The paper computes the neutralino relic density in the mSUGRA framework by including all $2\rightarrow2$ annihilations and co-annihilations, with relativistic thermal averaging implemented via the Gondolo–Gelmini formalism. Sparticle spectra are generated with ISAJET and matrix elements with CompHEP, and the relic density is obtained by solving the Boltzmann equation with a three-dimensional Monte Carlo integration to handle resonances and co-annihilation channels. The study finds that co-annihilations matter mainly at parameter-space edges, while at large $\tan\beta$ broad $A/H$ Higgs resonances create wide, low-$\Omega h^2$ corridors across substantial regions of parameter space, yielding $0.1<\Omega_{\tilde Z_1} h^2<0.3$ with relatively little fine-tuning in region (iv). The results are then contrasted with collider reach projections (LEP2, Tevatron, LHC, NLC), illustrating how cosmologically favored regions intersect with current and future experimental capabilities and highlighting the practical significance for guiding SUSY searches at high-energy colliders.

Abstract

We evaluate the relic density of neutralinos in the minimal supergravity (mSUGRA) model.

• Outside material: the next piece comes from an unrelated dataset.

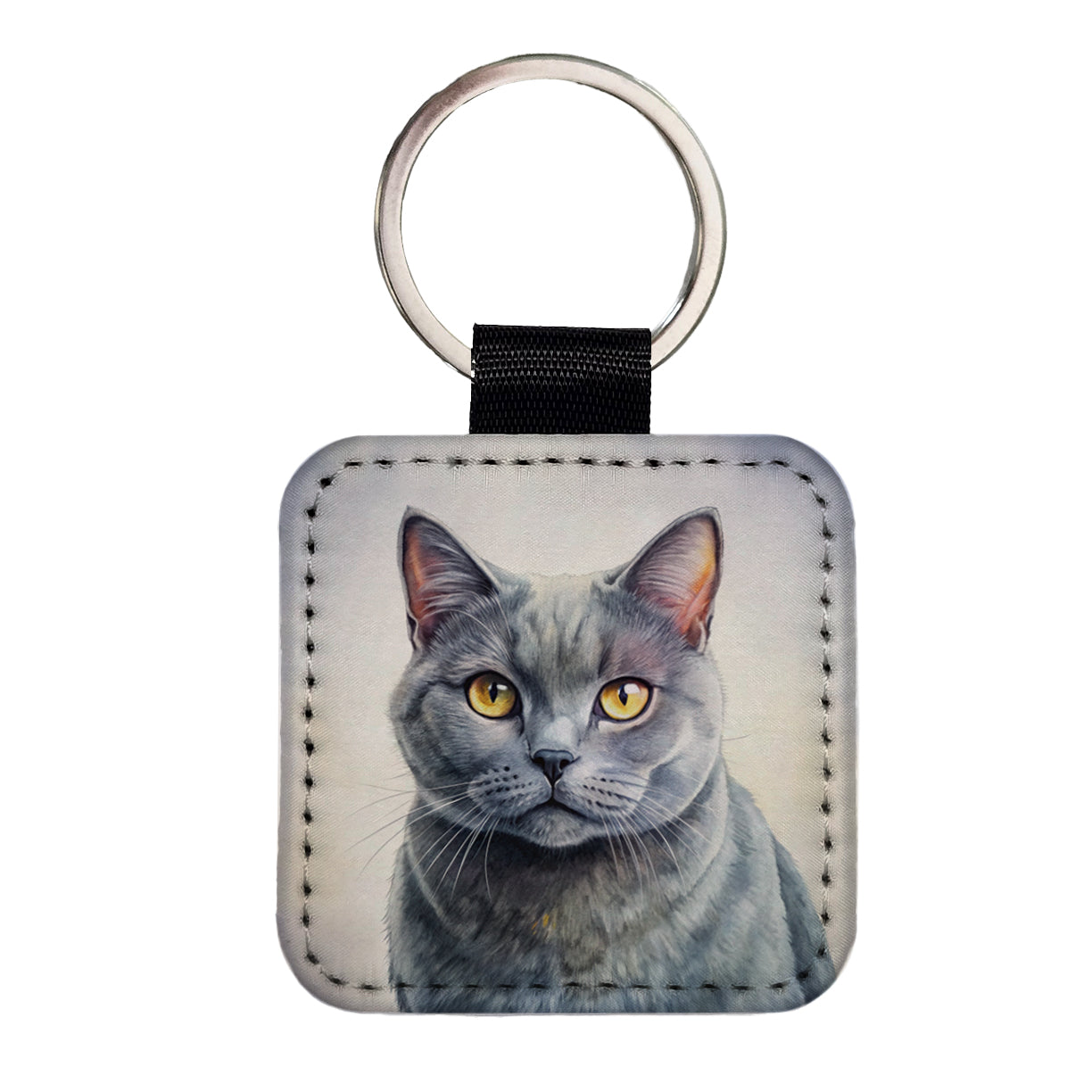 Chartreux Cat Illustration Square Faux Leather Keychain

All 2-->2 neutralino annihilation diagrams, as well as all processes involving sleptons, charginos, neutralinos and third generation squarks are included. Relativistic thermal averaging of the velocity times cross sections is performed. We find that co-annihilation effects are only important on the edges of the model parameter space, where some amount of fine-tuning is necessary to obtain a reasonable relic density. Alternatively, at high tan(beta), annihilation through very broad Higgs resonances gives rise to an acceptable neutralino relic density over broad regions of parameter space where little or no fine-tuning is needed. Finally, we compare our results against the reach of various e+e- and hadron colliders for supersymmetric matter.